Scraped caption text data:
BEGIN

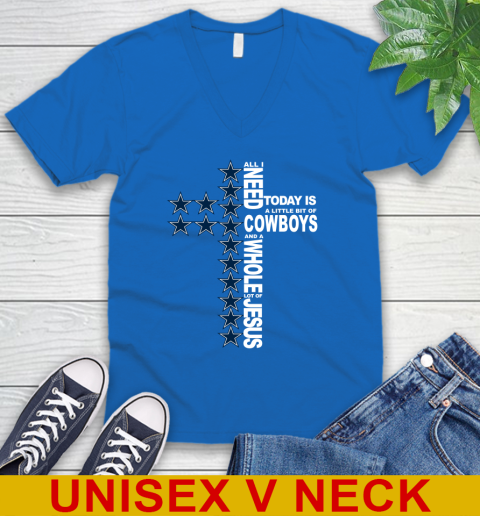 NFL All I Need Today Is A Little Bit Of Dallas Cowboys Cross Shirt V-Neck T-Shirt 5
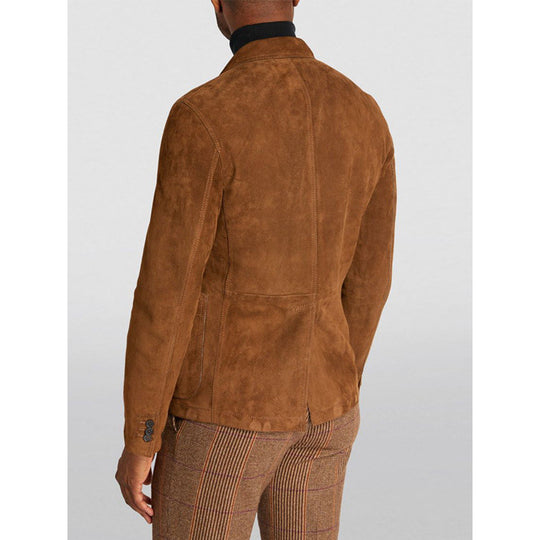 Herren Eleganter Wildlederblazer mit modernen Taschen und lässigem Schnitt EB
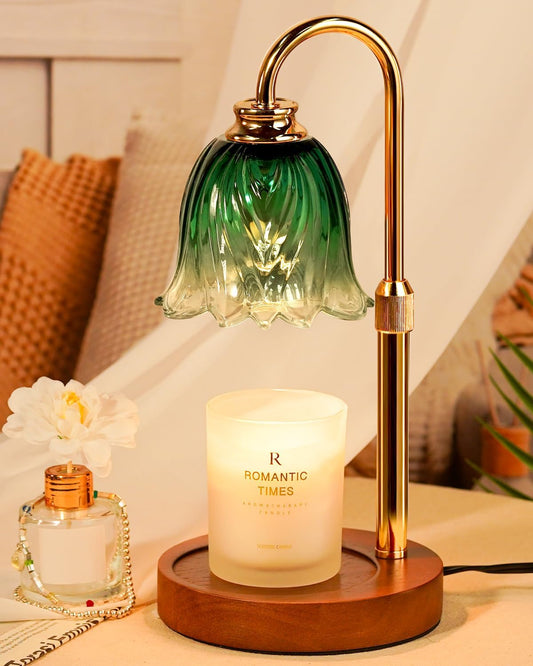 Candle Warmer Lamp, Gold Candle Lamp Warmer with Timer & Dimmer with 2 Bulbs, Birthday Gifts for Women Mom, Christmas Gifts, House Warming Gifts New Home Bedroom Decor, Height Adjustable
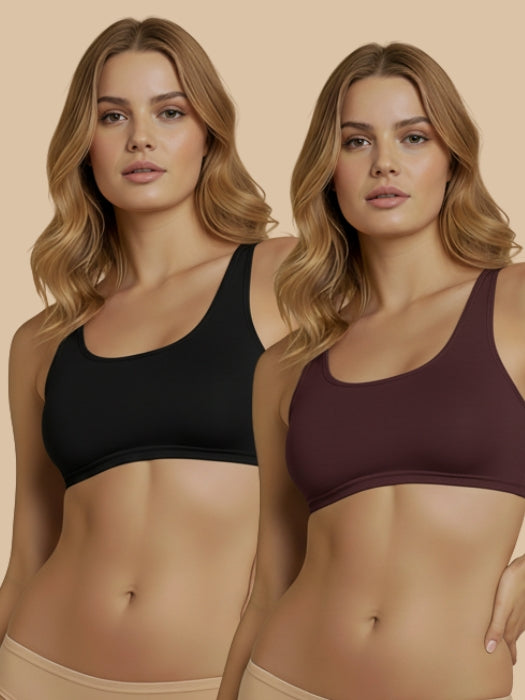 HSB#014 Active Slip On Bra - Wine and Black Combos - 2 Pcs Pack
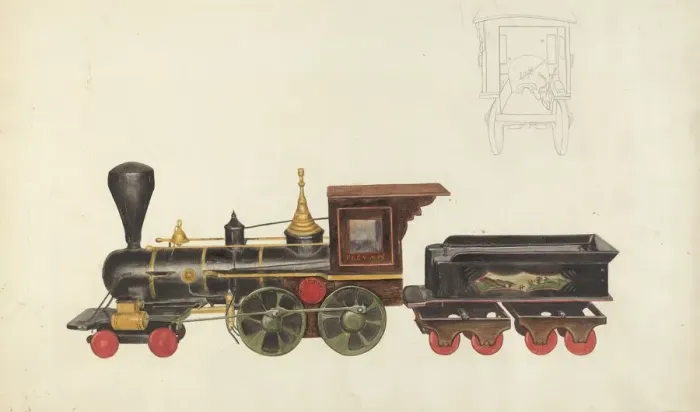 Framed Print : Toy Locomotive, c. 1936. Creator: Alice Stearns Framed Print : Toy Locomotive, c. 1936. Creator: Alice Stearns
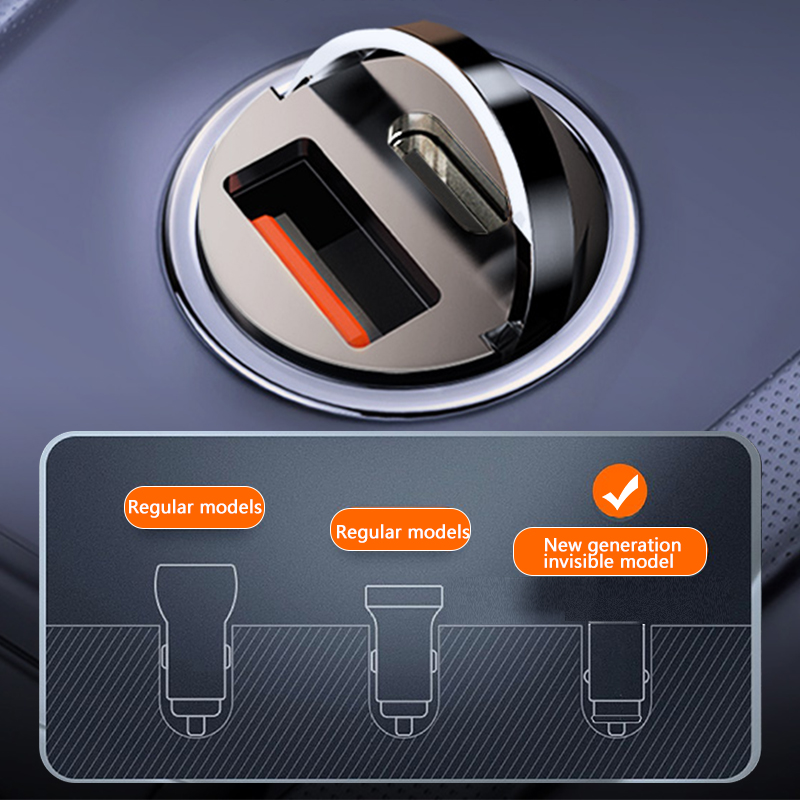100W Mini Car Charger QC3.0 PD with Charging cable Lighter Fast Charging for Xiaomi Samsung Huawei iPhone Car USB Type C Charger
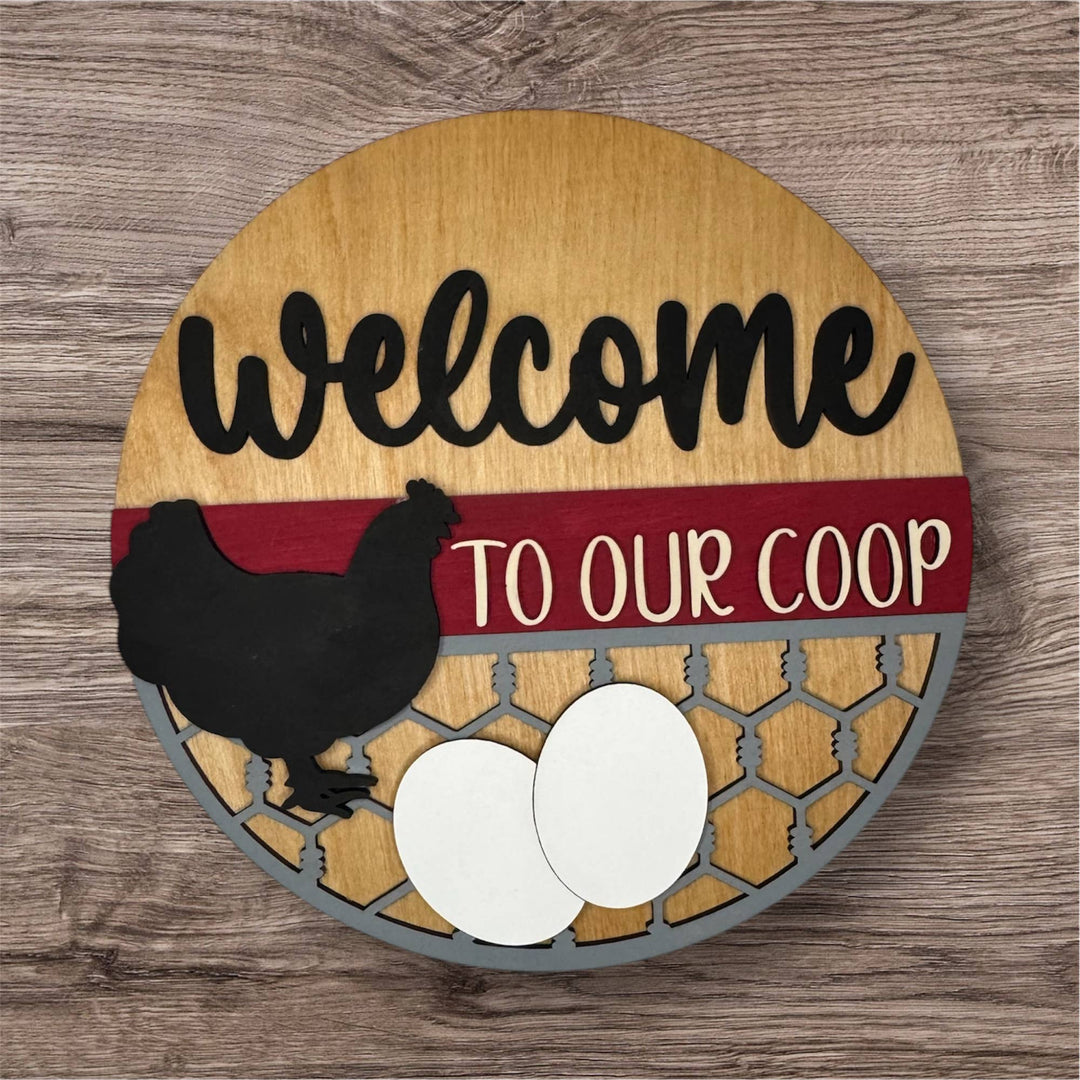 Dark Horse Dream Designs LLC Dark Horse Dream Designs LLC - Welcome to Our Coop, Chicken Door Hanger, Farmhouse Decor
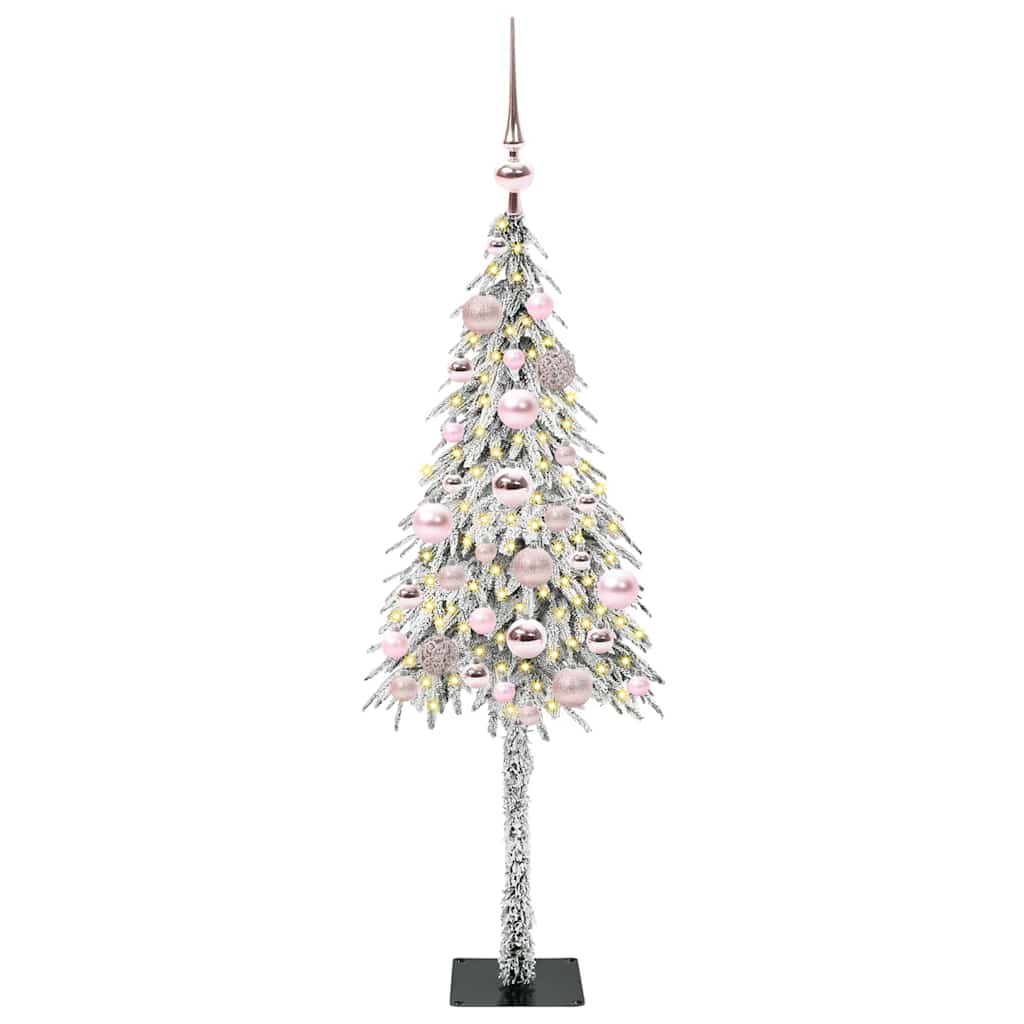Christmas Tree White PE and Steel 120 cm with leds &pink balls
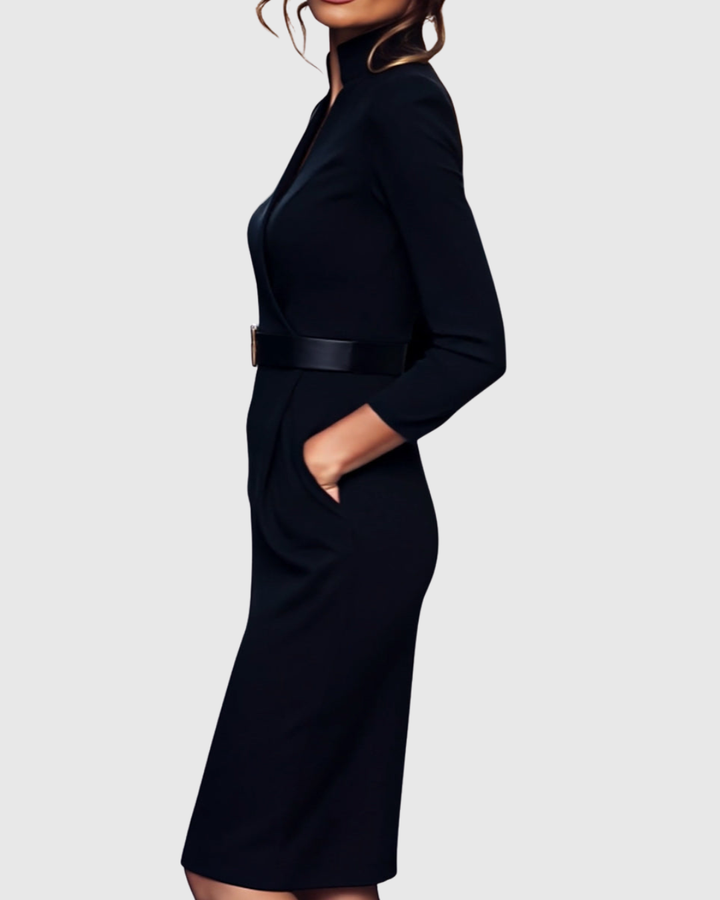 Velmira | Belted Pencil Midi Dress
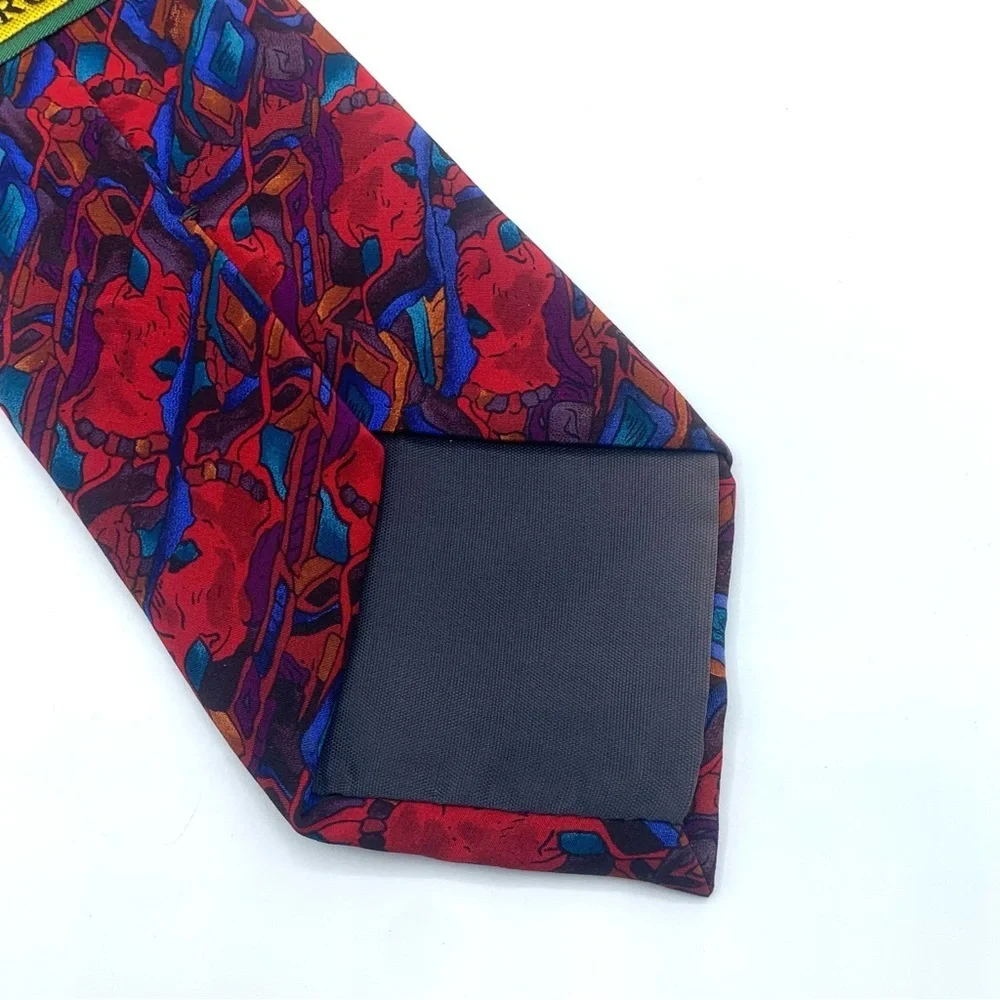 Vintage J. Garcia Silk Abstract Tie Red Blue Purple Grateful Dead Style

END

About this task: Repeat nothing but the lines from the one containing "Alice Stearns Framed" through the end of the entries, exactly, and skip the pictures.

Answer area:
 Framed Print : Toy Locomotive, c. 1936. Creator: Alice Stearns Framed Print : Toy Locomotive, c. 1936. Creator: Alice Stearns
100W Mini Car Charger QC3.0 PD with Charging cable Lighter Fast Charging for Xiaomi Samsung Huawei iPhone Car USB Type C Charger
 Dark Horse Dream Designs LLC Dark Horse Dream Designs LLC - Welcome to Our Coop, Chicken Door Hanger, Farmhouse Decor
Christmas Tree White PE and Steel 120 cm with leds &pink balls
 Velmira | Belted Pencil Midi Dress
 Vintage J. Garcia Silk Abstract Tie Red Blue Purple Grateful Dead Style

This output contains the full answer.